It has been brought to the notice of Foroyaa that teachers in many schools in the entire regions of the country have on Monday the 5th day of February 2018, commenced an indefinite sit down strike, until their demands are met.
This was confirmed to Foroyaa by the Secretary General of 'Teachers for Change' Mr. Abdoulie Jalllow, through a press release which stated that from Monday 5th February 2018, they will embark on a massive sit down strike and urged all teachers to refrain from violence and unlawful activities during the course of the strike.
The Education Director of Region One (Kanifing Municpality and Banjul City Council) also confirmed to Foroyaa that there is an ongoing strike and that they have sent some informers to go schools to observe situations and report to them.
"We ask them to collect the information of all the teachers on strike and we will later see what to do," he said.
For their part, the Gambia Teachers Union's officials refused to speak to Foroyaa.
Mr. Abdoulie Bah said the sit down strike will be indefinite until relevant and tangible steps are taken by authorities in fulfilling the demands of teachers.
Sources told Foroyaa that the demands of the teachers include increment in salary, full payment of double shift allowances, for teacher trainees to benefit from hardship allowances, to put an end to late payment of allowances and issuing identity cards to teachers like other government institutions.
Sometime last month, the teachers planned to embark on strike but were delayed due to discussions with the Gambia Teachers Union who promised to engage the relevant authorities on the issue. The teachers set up a task force under the leadership of Abubacarr Janko of Kulari Lower Basic School as the Chairman in Region 6, Musa Baldeh of Killy LBS Region 2, Abdoulie Jallow of Foday Kunda Upper Basic and Senior Secondary School as the Secretary and Lamin Fatty of Wellingara Basic Cycle School as the Public Relation Officer.
Within themselves, they chose Momodou Lamin Marong of Njawara UB and SSS, Alasana Beyai of Aja Fatou Bojang UB and SSS Region 3 and Essa Kanajie of Sare Alpha LBS in Region 5, as advisers.
According to the teachers, their demands are both genuine and professional and they have engaged the Union on several occasion for their demands to be met, but to no avail.
On Monday, Foroyaa made a tour of Schools in Region One (Banjul and KMC) as well as contacted Schools in the interior of the country.
This reporter visited some of the Schools within the Kanifing Municipality and found out that some teachers were present in some School but refused to teach while some decided not to enter the classroom.
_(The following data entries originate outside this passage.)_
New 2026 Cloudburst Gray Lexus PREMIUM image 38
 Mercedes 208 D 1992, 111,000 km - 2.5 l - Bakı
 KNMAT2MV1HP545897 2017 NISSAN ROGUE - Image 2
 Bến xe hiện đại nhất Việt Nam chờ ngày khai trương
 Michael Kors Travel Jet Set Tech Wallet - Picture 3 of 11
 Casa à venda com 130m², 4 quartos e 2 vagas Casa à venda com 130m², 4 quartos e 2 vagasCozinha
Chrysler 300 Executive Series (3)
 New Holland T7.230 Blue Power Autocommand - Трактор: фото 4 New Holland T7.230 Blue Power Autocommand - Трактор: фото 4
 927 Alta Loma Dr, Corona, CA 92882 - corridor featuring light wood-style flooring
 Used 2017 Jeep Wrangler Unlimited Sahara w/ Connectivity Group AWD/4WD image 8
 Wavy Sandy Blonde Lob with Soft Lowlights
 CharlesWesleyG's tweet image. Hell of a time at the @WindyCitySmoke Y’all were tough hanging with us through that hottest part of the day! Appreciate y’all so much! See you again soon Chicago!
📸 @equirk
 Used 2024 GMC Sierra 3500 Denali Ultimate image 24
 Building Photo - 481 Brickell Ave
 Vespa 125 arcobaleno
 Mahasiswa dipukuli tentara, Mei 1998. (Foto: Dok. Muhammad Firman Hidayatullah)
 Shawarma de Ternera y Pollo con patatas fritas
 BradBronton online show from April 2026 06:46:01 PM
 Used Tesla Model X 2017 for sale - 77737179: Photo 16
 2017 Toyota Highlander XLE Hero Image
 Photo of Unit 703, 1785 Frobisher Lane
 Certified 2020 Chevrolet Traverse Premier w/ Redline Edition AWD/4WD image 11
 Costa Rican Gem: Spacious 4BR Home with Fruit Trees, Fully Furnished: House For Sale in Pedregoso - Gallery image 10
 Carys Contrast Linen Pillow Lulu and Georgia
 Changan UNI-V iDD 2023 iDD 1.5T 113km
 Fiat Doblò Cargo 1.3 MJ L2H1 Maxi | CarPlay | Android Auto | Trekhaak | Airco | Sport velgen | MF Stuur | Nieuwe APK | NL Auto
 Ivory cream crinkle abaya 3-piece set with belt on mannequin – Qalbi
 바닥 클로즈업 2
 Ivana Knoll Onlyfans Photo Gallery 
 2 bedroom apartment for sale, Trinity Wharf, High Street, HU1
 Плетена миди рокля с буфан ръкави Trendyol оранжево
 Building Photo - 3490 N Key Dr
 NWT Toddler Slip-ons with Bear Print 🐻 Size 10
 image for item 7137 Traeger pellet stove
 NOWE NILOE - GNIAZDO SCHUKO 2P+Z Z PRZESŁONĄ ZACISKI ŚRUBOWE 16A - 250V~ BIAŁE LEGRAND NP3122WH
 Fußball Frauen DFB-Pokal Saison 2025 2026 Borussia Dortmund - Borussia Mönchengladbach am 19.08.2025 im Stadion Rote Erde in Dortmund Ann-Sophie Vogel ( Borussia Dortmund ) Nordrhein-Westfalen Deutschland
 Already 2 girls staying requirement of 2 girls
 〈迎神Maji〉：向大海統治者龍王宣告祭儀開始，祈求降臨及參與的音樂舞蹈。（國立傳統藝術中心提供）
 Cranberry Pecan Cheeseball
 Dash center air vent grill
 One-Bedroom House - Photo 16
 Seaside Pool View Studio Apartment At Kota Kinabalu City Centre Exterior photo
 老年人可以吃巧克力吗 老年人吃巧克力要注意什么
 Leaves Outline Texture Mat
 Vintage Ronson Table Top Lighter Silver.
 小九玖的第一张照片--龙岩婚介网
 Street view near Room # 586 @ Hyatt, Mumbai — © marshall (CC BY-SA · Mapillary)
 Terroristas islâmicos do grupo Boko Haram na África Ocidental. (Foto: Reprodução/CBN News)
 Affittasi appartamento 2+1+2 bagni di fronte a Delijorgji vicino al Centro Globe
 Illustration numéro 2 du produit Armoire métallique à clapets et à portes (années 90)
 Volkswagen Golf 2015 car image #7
Others were seen in the classrooms teaching.
Some teachers who spoke to this reporter said they were on strike for their demands to be met by the authorities.
"Teachers have been suffering in this country for the past 22 years. We voted for change and among them is for our welfare to be considered. We 'mould' students who will be the future leaders of this great Nation. So there is no reason why the Government should neglect our welfare," they said.
Some of the teachers who were seen teaching in their various classrooms said they don't boycott their fellow teachers but the information did not reach them at the appropriate time.
In St-Therese's Upper Basic School, teachers were seen in class teaching. The Principal of the School said she was not aware of the sit-down strike; that despite the school being a Mission School, all the teachers are within one umbrella body that is the Gambia Teachers Union (GTU).
"I did not get any information from GTU that teachers should go on strike. Almost all my staff are around and learning is going on in the normal way, "she said.
At Region One Educational Directorate in Kanifing, it was observed that most of the senior officers left for their yearly Coordinating Committee Monitoring (CCM) in the URR.
Speaking to the Director of Region One, he said they are aware of the sit down strike of some teachers.
It was observed at the Ministry of Basic and Secondary Education complex in Banjul that almost all the senior officers were not on the ground.